Rodrigo Pardo, Director de la Revista Cambio

Rodrigo Pardo, economista de la Universidad de los Andes, habló con Supuestos acerca de su vida universitaria, compartió anécdotas, experiencias y vivencias significativas para él y dio a conocer las personas que influenciaron en su vida personal y profesional. Rodrigo fue profesor de política internacional en la universidad, embajador de Colombia en Venezuela en el periodo de Cesar Gaviria, Ministro de Relaciones Exterior hasta 1996, editor de varios medios de comunicación como Semana, El Tiempo y el Espectador y actualmente Director de la Revista Cambio.

Revista Económica Supuestos: ¿Por qué decidió estudiar economía?
Rodrigo Pardo : Es una pregunta muy difícil. Tenía muy claro que no quería ser economista, que seguramente iba trabajar en cosas muy distintas como el periodismo que siempre me ha gustado y había querido hacer como actividad principal. Sin embargo, consideré que la economía era una carrera muy formativa que me daría muy buenos elementos para ejercer en el periodismo, para entender la sociedad, para tener elementos básicamente de comprensión, más que porque quisiera desempeñarme en ese campo.

R. E. S. : ¿Fue esta carrera su única opción? ¿Por qué Los Andes?
R. P. : No consideré periodismo, por supuesto, consideré ciencia política. Quizás tengo una visión más de politólogo que de economista para analizar las cosas. Las dos dan elementos muy valiosos para entender el funcionamiento de la sociedad, pero finalmente escogí economía. Los Andes me gustaban mucho.
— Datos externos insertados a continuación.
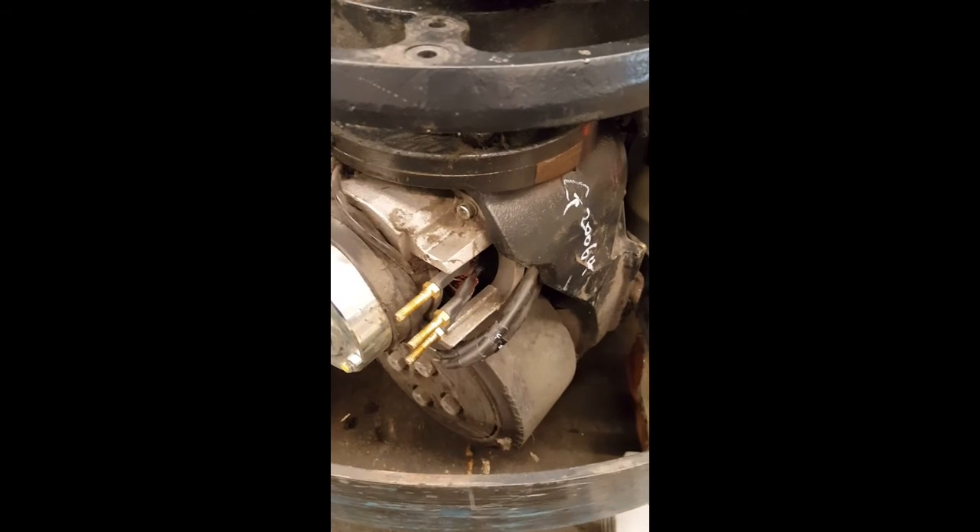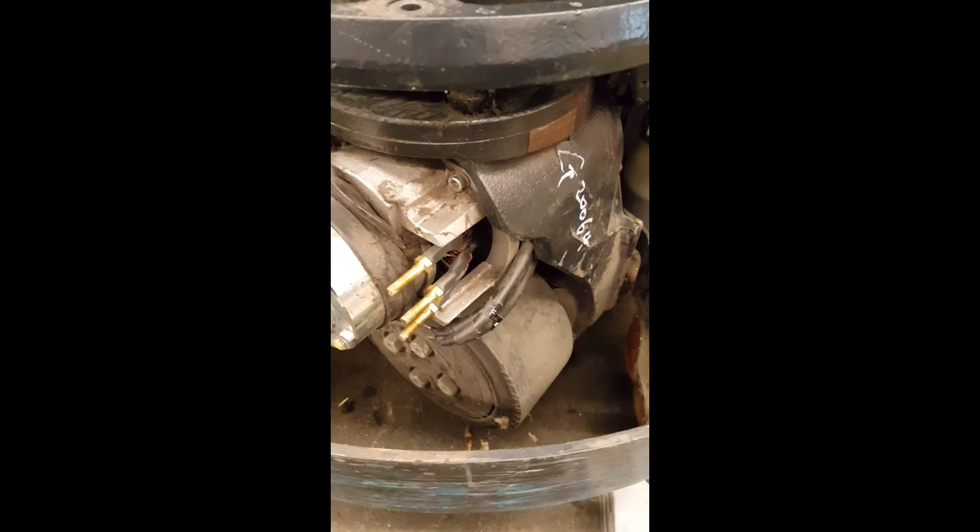That's how you troubleshoot a bad drive motor. Thank you for watching. Ciao.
En el momento era una universidad un poco más internacional, más moderna, más en línea con las tendencias mundiales de la educación y la verdad fue a la única a la que me presente.

R. E. S. : ¿Cómo describe su experiencia como estudiante en la Universidad?
R. P. : Fue una época muy feliz, muy productiva solo tengo buenos recuerdos. Era una Universidad totalmente distinta a la de hoy, comenzando por la fisionomía externa, no existían muchos edificios de los que hay ahora y muchos de los que existen en la actualidad como el B; eran muy viejos y no tenían esa reconstrucción interna; no había el enorme nivel de computadores que hay hoy en día. La Universidad estaba empezando a meterse en el tema, había un computador central, era el único y de éste dependían todas las facultades y todos los estudiantes. La idea de un PC todavía no existía, los trabajos los hacíamos en máquina de escribir. Fue una época de mucha actividad política, estábamos en los años 80 en el gobierno de Turbay Ayala, había una discusión muy fuerte acerca de los derechos humanos y había todavía dilemas sobre la izquierda y la derecha, de cómo tratar especialmente a la guerrilla. En la universidad existía un gran debate acerca del tema, yo participaba mucho en él. Con un grupo de amigos tuvimos un periódico que se llamaba El Escalón en el cual registrábamos un poco ese clima que había en la época.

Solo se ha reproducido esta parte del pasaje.